Magnanville : Les nouveaux visages du terrorisme

Les attentats d’Orlando et de Magnanville ont mis en évidence une nouvelle génération de jihadistes, isolés, auto-labellisés, qui gomment la frontière entre fait divers et attentat. Comment lutter contre ce terrorisme diffus ?

Ingrid Merckx  • 22 juin 2016 abonné·es
Magnanville : Les nouveaux visages du terrorisme
© DOMINIQUE FAGET/AFP

« Terrorisme de proximité ». L’expression a traversé quelques journaux au lendemain des tueries d’Orlando et de Magnanville. Elle fait froid dans le dos. D’une part, en ce qu’elle renverse l’idée d’une proximité bienveillante : « commerce de proximité », « hôpital de proximité », « justice de proximité »… D’autre part, parce qu’elle sonne l’avènement d’une nouvelle forme de terrorisme.

Désormais, le terroriste type ne serait plus le délinquant de quartier populaire fanatisé dans une mosquée ou en prison et partant se former dans des camps d’entraînements en Syrie. C’est, potentiellement, son voisin de palier. Rallié à Daech en quelques mois, voire au moment du « passage à l’acte ». Pas formé, ou alors dans un camp en France, où des candidats égorgeurs s’entraînent sur des lapins. Embrassant Daech comme la dernière cause en vogue pour tous les désespérés en mal d’identité, d’héroïsme, d’appartenance, d’idéal, d’absolu… Lequel Daech moissonne opportunément ces recrues de fraîche date qui lui font allégeance sans même qu’il ait eu besoin de les recruter. Résultat d’une intense campagne de communication qui lui a fait gagner sur le terrain virtuel les positions qu’il perdait sur le terrain réel, et convertir en nouvelle victoire de sa guerre contre l’Occident ce qui aurait pu relever du fait divers sinistre mais banal.

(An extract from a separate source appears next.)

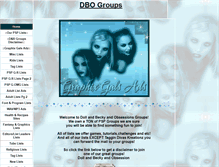 Tablet Screenshot of doll5272.tripod.com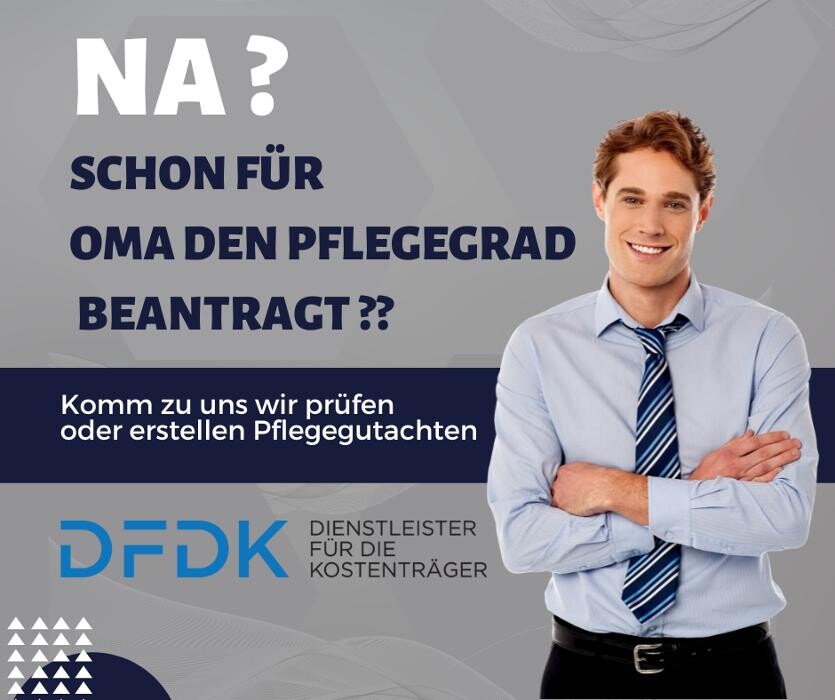 Bilder DFDK Dienstleister für die Kostenträger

« Sauf qu’un fait divers n’aurait pas connu une telle publicité, commente le philosophe et sociologue du fait religieux Raphaël Liogier. Ce qui change la donne, c’est la revendication par Daech d’un drame comme celui de Magnanville. Dans une société pas sûre de ses identités, Daech est devenu une franchise qui fonctionne avec des prises de parts de marché dans un califat virtuel. » Pire, ce serait même ce label qui en ferait basculer certains. « Des jeunes anti-gay à l’homophobie intériorisée, comme le tueur d’Orlando, ou anti-flics, comme celui de Magnanville – même si ce n’est pas la même mécanique psychique –, il y en a plein les rues, observe le pédopsychiatre Serge Hefez. Certains se livrent à des violences. Mais, ce qui fait qu’aujourd’hui quelques-uns deviennent des tueurs, c’est la propagande de Daech, qui leur promet la pureté et la résolution de leurs conflits intérieurs. »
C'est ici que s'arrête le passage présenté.